Exactly the lines from the line that has "Photos: Men’s Basketball vs. Texas" through the final line below are to be retyped, and the pictures are not.

[[ The data open ]]

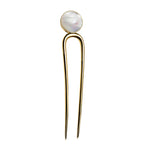Hairpin with mother of pearl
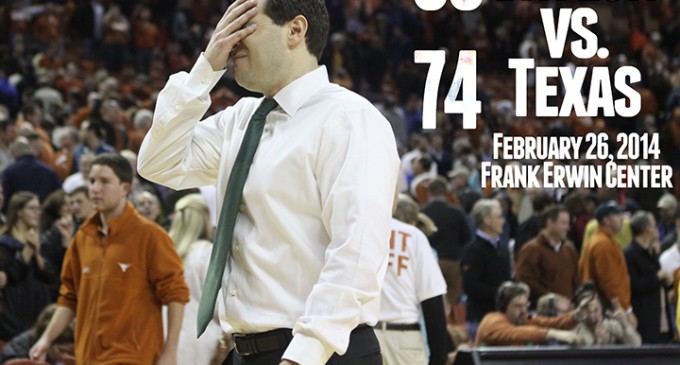 Photos: Men’s Basketball vs. Texas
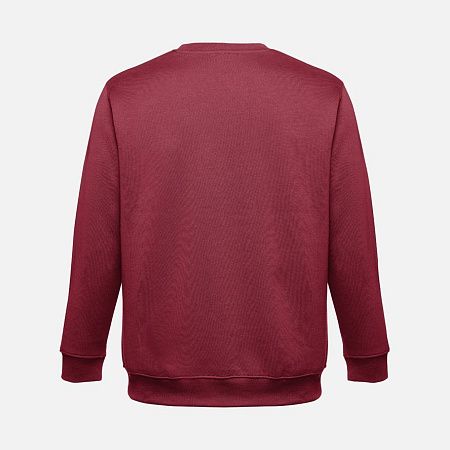 Свитшот унисекс Delta, бордовый, размер S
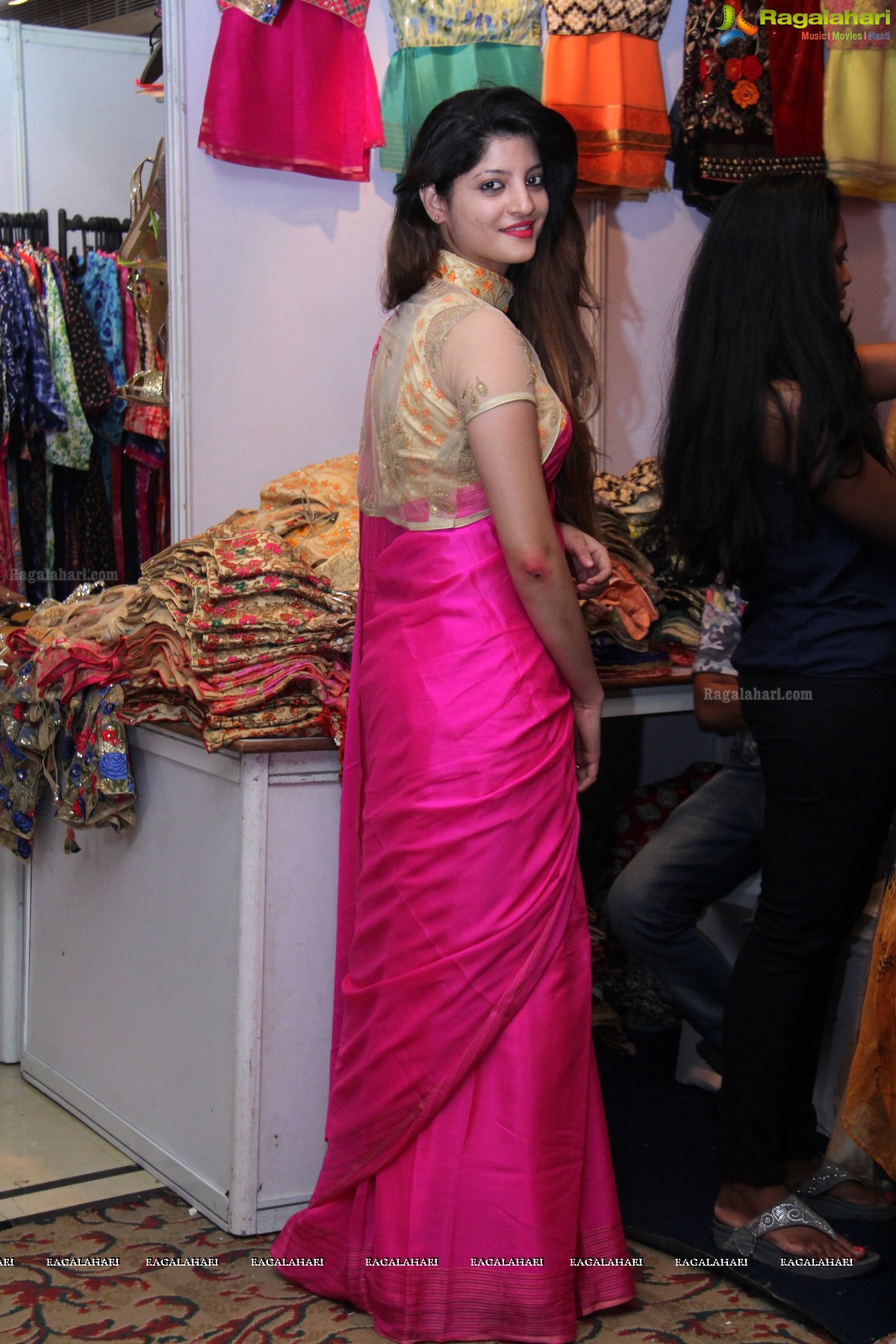 Archana Launches Desire Exhibition and Sale at Taj Krishna, Banjara Hills, Hyderabad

[[ The data closed ]]

■ **Answer to this problem**
 Photos: Men’s Basketball vs. Texas
 Свитшот унисекс Delta, бордовый, размер S
 Archana Launches Desire Exhibition and Sale at Taj Krishna, Banjara Hills, Hyderabad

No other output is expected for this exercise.